From E. proteiflorum point of view, the Mexican cottontail appears to be the main herbivore that consumes it since we did not register any other mammal consumers or see signs of insect predation, although further studies are needed to confirm this observation. Visually the plant does not appear to be heavily affected by predation (only a small portion of the biomass is taken) and in this case it was able to complete reproduction. In Figure 2, the emerging flower could be observed in pictures c, d and e (in the center of the plant), and 8 months later the already dead flower is seen in picture b. This suggests that the damage by herbivory was not enough to prevent this plant reproduction. Although since 3 events of herbivory were performed on the same plant, the cumulative effect could be significant and further studies are needed to better understand the impact of the Mexican cottontail on E. proteiflorum.

In conclusion, we observed a previously unknown interaction between E. proteiflorum and Mexican cottontail, contributing to the knowledge of this animal diet. At the same time, further studies are needed about the Mexican cottontail diet.


We are thankful to I. Castellanos-Vargas for technical support, and to M. Glebskaya, and C. Martinez-Calderon for their help in the field work. This project was financially supported by the CONAHCYT scholarship to Y.G. (CVU 817316) and a PAPIIT grant IN212121 (El efecto de la urbanización sobre el tlacuache Didelphis virginiana en un matorral xerófilo de la Ciudad de México) to Z. Cano-Santana. Two anonymous reviewers provided comments that contributed to improving this note.

Literature cited

Aranda, M. 2012.  Manual para el rastreo de mamíferos silvestres de México. Comisión Nacional para el Conocimiento y Uso de la Biodiversidad (CONABIO). México City, México.

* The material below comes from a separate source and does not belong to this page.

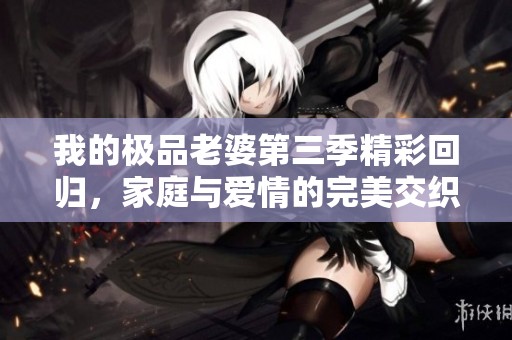 我的极品老婆第三季精彩回归，家庭与爱情的完美交织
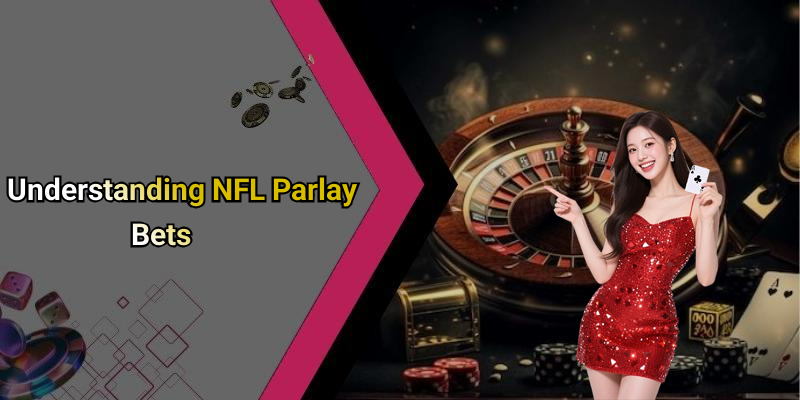 Understanding NFL Parlay Bets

Ceballos, G. G., and L. C. Galindo. 1984.  Mamíferos silvestres de la Cuenca de México. México City, México.

Cervantes, F. A., et al. 1992. Sylvilagus cunicularius.  Mammalian Species 412:1-4.

Chapman, J. A., and G. Ceballos. 1990. The cottontails. Pp. 95-110 in Rabbits, hares and pikas: status survey and conservation action plan (Chapman, J. A., and J. E. C. Flux eds.).  International Union for the Conservation of Nature and Natural Resources. Gland, Switzerland.

Gidenne, T., et al. 1998. Effect of the dietary fiber origin on the digestion and on the caecal fermentation pattern of the growing rabbit.  Animal Science 66:509-517.

Steinmann, V. W., et al. 2019. La vegetación alpina mexicana.  Editorial Impresora Apolo. México City, México.

Steinmann, V. W., et al. 2021. Diversity and origin of the Central Mexican alpine flora.  Diversity 13:31.

Associated editor: Beatríz Bolívar Cimé.

Submitted: November 24, 2023; Reviewed: January 23, 2024.

Accepted: February 6, 2024; Published on line: February 19, 2024.

Figure 1. Location where the Mexican cottontail (Sylvilagus cunicularius) was observed consuming Eryngium proteiflorum a) general location map, b) map of the mountain (the red triangle represents the sampling point), c) general view of the Pico del Águila, south of México City, d) view of the forest where traps were located (the red triangle shows exact location of the trap).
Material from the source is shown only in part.